Scritto dallo stesso Duncan Jones (figlio del Duca Bianco David Bowie) insieme a Nathan Parker, “Moon” è uno dei migliori film di fantascienza pura degli ultimi anni.

L’elio-3 è diventato la principale fonte energetica della Terra. La potente Lunar Industires lo ottiene dal sottosuolo lunare e lo stocca nella sua base Sarang, per poi inviarlo sulla Terra.

Il sistema di estrazione e stoccaggio è tutto automatizzato, necessita solo di un operaio che supervisioni i vari processi.

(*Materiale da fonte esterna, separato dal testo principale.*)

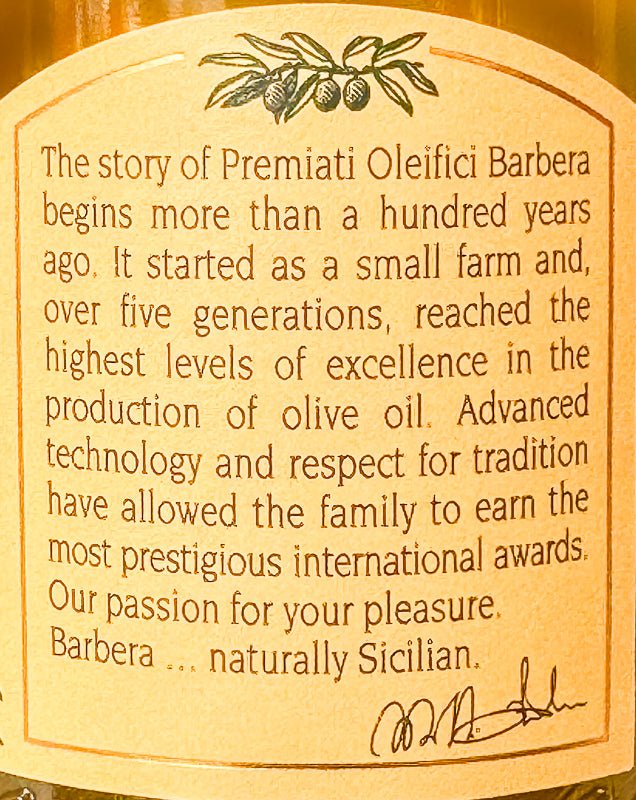 Barbera Frantoia EVOO 500 ml - Etto Pasta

E Sam Bell (un bravissimo e alienato Sam Rockwell) è finalmente giunto alla fine del suo solitario triennio sul satellite terrestre. Mancano poche settimane prima del suo rientro a casa, sulla Terra, dove lo aspettano la piccola figlia e la moglie, ma Sam inizia ad avere strane e inquietanti allucinazioni…

Tranquilli, non ci sono mostri o alieni, ma l’allucinante film di Jones ci pone una altrettanto terrificante domanda: a che punto siamo disposti a spingerci per sfruttare le nostre risorse?

Bello e inquietante, proprio come dovrebbero essere i film di fantascienza.

Per la chicca: nella versione originale GERTY, l’intelligenza artificiale che gestisce Sarang, ha la voce morbida e inquietante di Kevin Spacey.